The procedure works by processing formatting objects. Each object, while being processed, may initiate processing in other objects. While the objects are hierarchically structured, the processing is not; processing of a given object is rather like a co-routine which may pass control to other processes, but pick up again later where it left off.


	Application of co-routines

If one looks only at the flow side of the equation, it's difficult to see what the problem might be. The ordering of the elements of the flow is preserved in the area tree, and where elements are in an hierarchical relationship in the flow, they will generally be in an hierarchical relationship in the area tree. In such circumstances, the recursive processing of the flow seems quite natural.
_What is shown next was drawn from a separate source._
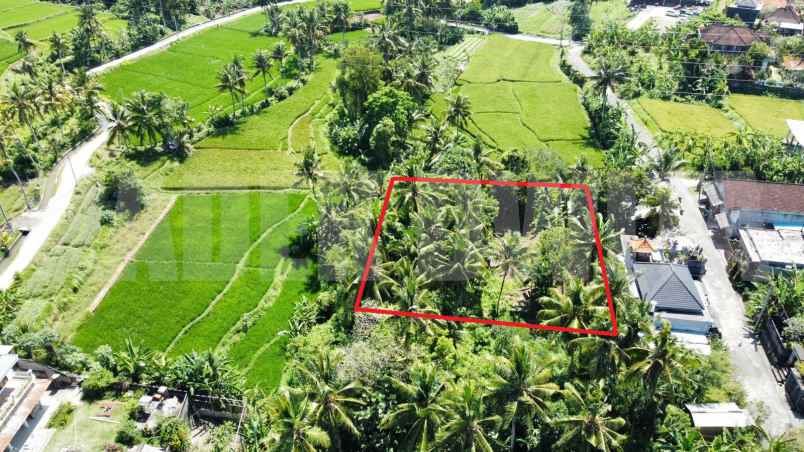 sewa tanah view sawah sungai ubud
The problem becomes more obvious when one thinks about the imposition of an unrelated page structure over the hierarchical structure of the document content. Take, e.g., the processing of a nested flow structure which, at a certain point, is scanning text and generating line-areas, nested within other block areas and possibly other line areas. The page fills in the middle of this process. Processing at the lowest level in the tree must now suspend, immediately following the production of the line-area which filled the page. This same event, however, must also trigger the closing and flushing to the area tree of every open area of which the last line-area was a descendant.

Once all of these areas have been closed, some dormant process or processes must wake up, flush the area sub-tree representing the page, and open a new page sub-tree in the area tree. Then the whole nested structure of flow objects and area production must be re-activated, at the point in processing at which the areas of the previous page were finalised, but with the new page environment. The most natural way of expressing the temporal relationship of these processes is by means of co-routines.

Normal sub-routines (methods) display a hierarchical relationship where process A suspends on invoking process B, which on termination returns control to A which resumes from the point of suspension. Co-routines instead have a parallel relationship. Process A suspends on invoking process B, but process B also suspends on returning control to process A. To process B, this return of control appears to be an invocation of process A. When process A subsequently invokes B and suspends, B behaves as though its previous invocation of A has returned, and it resumes from the point of that invocation. So control bounces between the two, each one resuming where it left off.

Figure 1

Co-routine diagram

For example, think of a page-production method working on a complex page-sequence-master.


	void makePages(...) { ... while (pageSequence.hasNext()) { ... page = generateNextPage(...); boolean over = flow.fillPage(page); if (over) return; } }

The fillPage() method, when it fills a page, will have unfinished business with the flow, which it will want to resume at the next call; hence co-routines. One way to implement them in Java is by threads synchronised on some common argument-passing object.